Легко сказать — к стенке. Среди виновных большинство таких, кто стал соучастником преступления по недомыслию. Надо, чтобы они глубоко осознали свою вину.
— Товарищи, — продолжал я, — Республика Советов, наша любимая Россия, переживает сейчас, может быть, самое тяжелое время. Враг хочет вновь заковать в кандалы наших сыновей и матерей, нас с вами. Враг делает ставку на Врангеля. "Черный барон" вооружен до зубов. Ленин, Родина зовут нас к решительной борьбе. Так неужели мы, сыны своего Отечества, не постоим за Республику Советов? Постоим! И будем биться до последнего дыхания, а если надо, то во имя свободы и счастья трудового народа отдадим свои жизни!.. Бойцы в ожесточенных боях с врагом проявили чудеса храбрости и героизма. И вот теперь в их рядах нашлись предатели. Они запятнали вашу боевую честь и славу, и смыть этот позор можно лишь честной, самоотверженной службой и своей кровью во имя дела революции. Помните об этом. Вопросы есть? Нет? Тогда приказываю здесь же и непременно сейчас выдать зачинщиков.

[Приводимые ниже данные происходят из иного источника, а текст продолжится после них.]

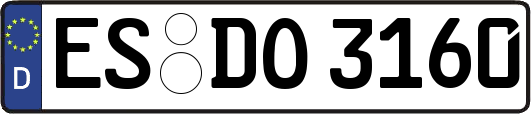 ES-DO3160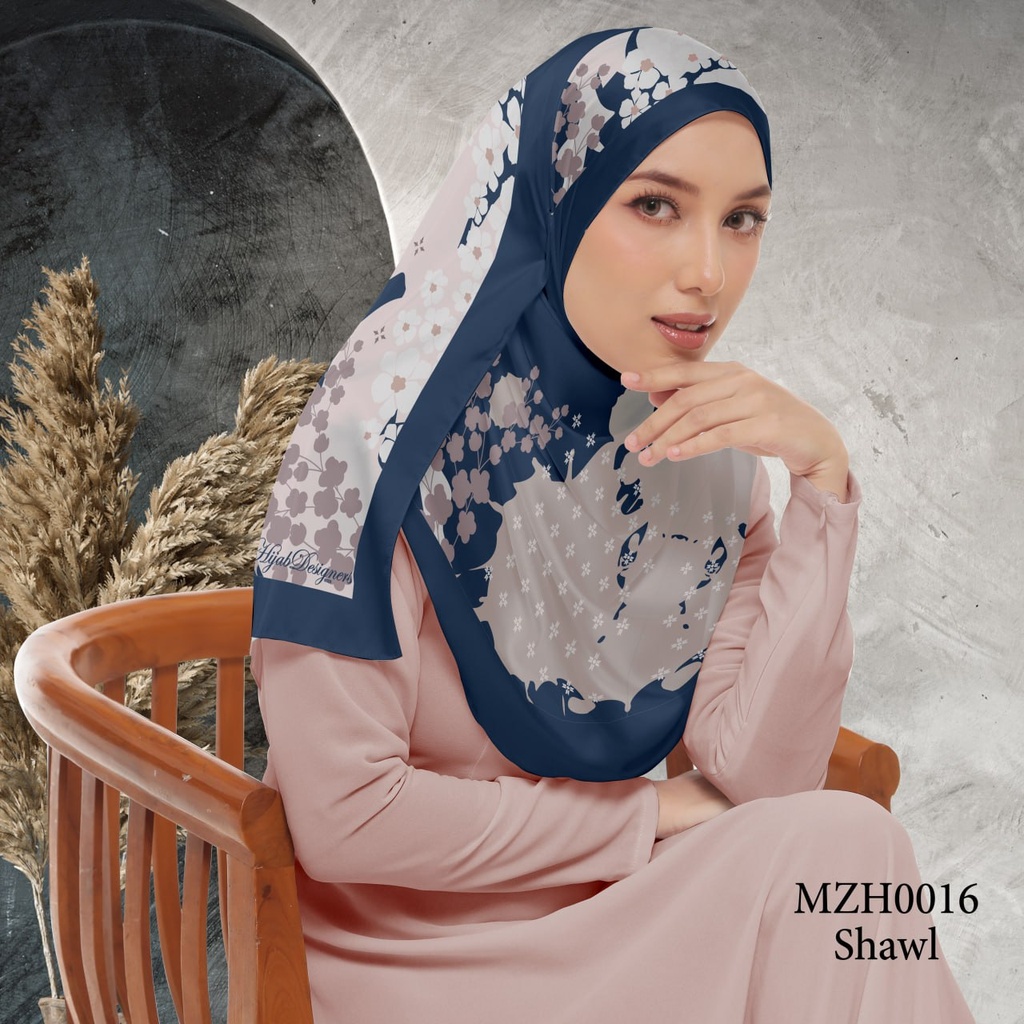 Tudung Shawl in MZH0016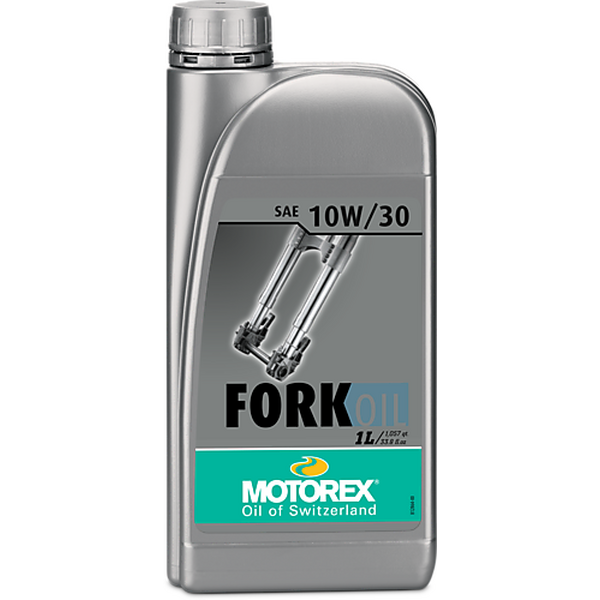 Motorex Fork Oil 10W/30 1 ltr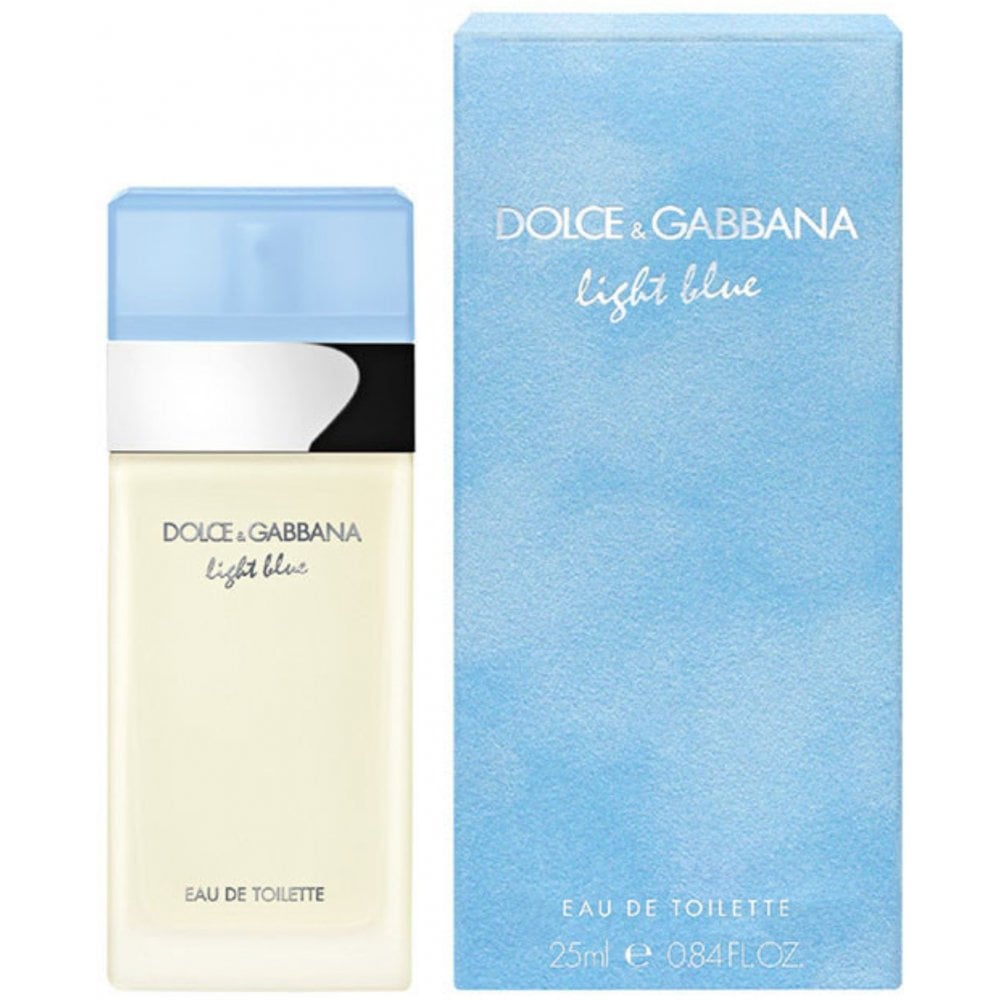 Dolce & Gabbana Dolce & Gabbana Light Blue Femme 25ml EDT Spray - Health & Beauty > Personal Care > Cosmetics > Perfumes & Colognes > Eaux De Toilette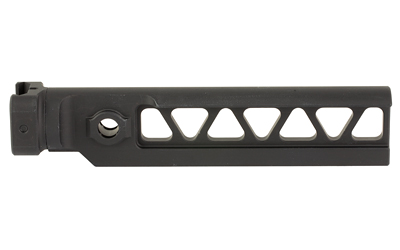Midwest Industries Alpha M4 Beam, Compatible with Mil Spec AR15 Stocks, Fits AK47 and Other Firearms that Include a 1913 Stock Adapter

Над полем повисла тишина. Некоторые из замешанных в грабежах и убийствах пытались пробиться через строй и уйти в лес. Но поздно. Строй на несколько минут нарушился, короткая схватка — и бойцы разоружили бандитов.

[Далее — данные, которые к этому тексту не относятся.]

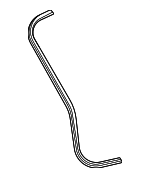 42708695 - Body: Weatherstrip for Buick: Encore GX Image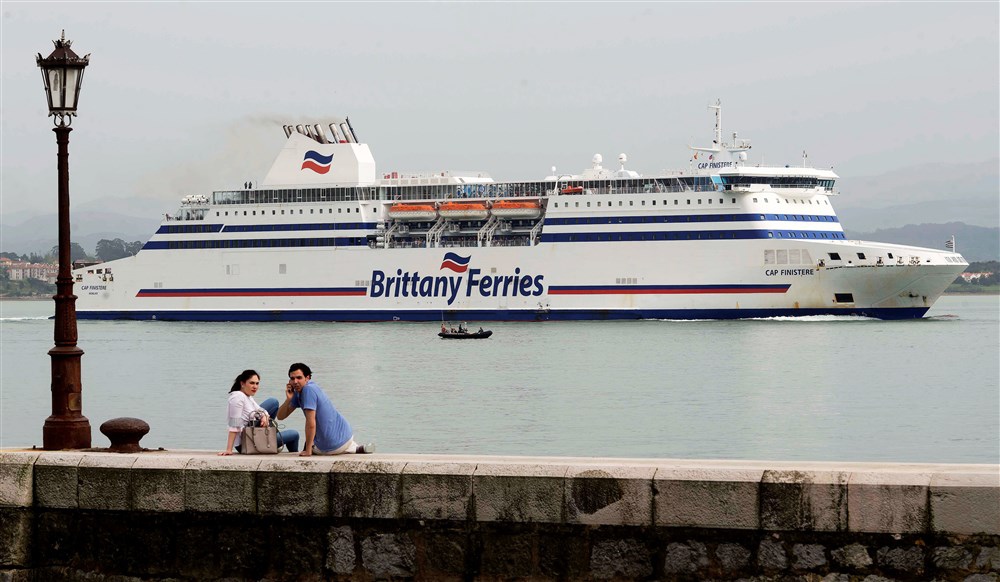 Brittany Ferries will launch a new route between Ireland and Spain in May to mark its 40th anniversary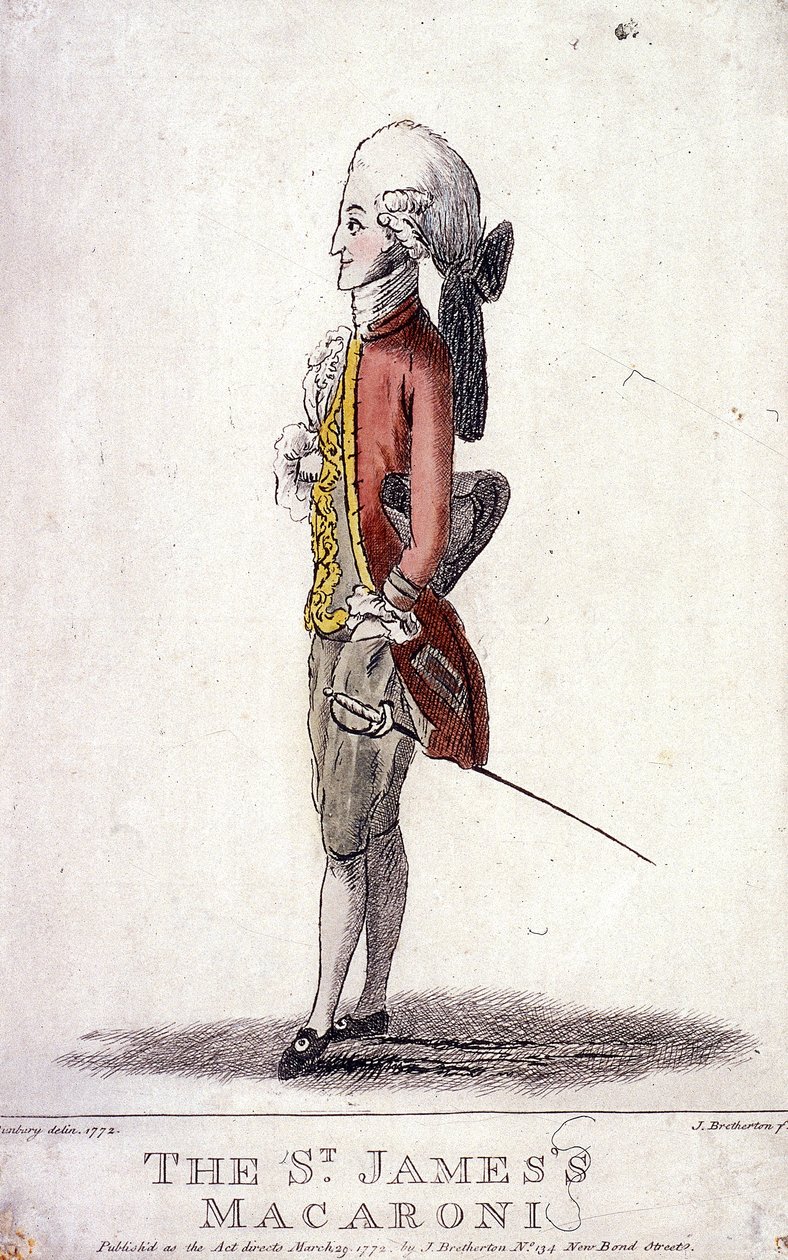 The St James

У меня словно камень с плеч свалился. Снова обращаюсь к бойцам и командирам. Призываю их восстановить боевую славу в предстоящих боях против врангелевцев, быть верными большевистской партии и Советскому правительству. В заключение говорю:
— Боевые знамена останутся в штабе армии до тех пор, пока снова, как и прежде, не загремит ваша воинская слава на полях сражений!
Вижу, все конармейцы слушают меня внимательно, и сам я повеселел, уверенности прибавилось. Теперь уже громко даю команду:
— Взять оружие!
На меня уставились удивленные глаза бойцов. Еще секунда — и я все понял. Конармейцы не верят, что я, командарм, несколько минут назад распекавший их, вдруг разрешил взять оружие. Пришлось повторить команду. На этот раз ее дружно выполнили все как один человек. В это время еще несколько десятков бойцов бросились в лес. Ворошилов и я недоумеваем: в чем дело? Неужели бойцы решили убежать? Между тем из леса послышались выстрелы. Вскоре наше недоумение рассеялось. Оказалось, что в лесу находилась группа наиболее оголтелых бандитов, которая не вышла на построение, но все время наблюдала за нами. За ней-то и погнались бойцы. Преступники бросились наутек, по ним открыли огонь. Несколько человек было убито, остальных поймали и обезоружили».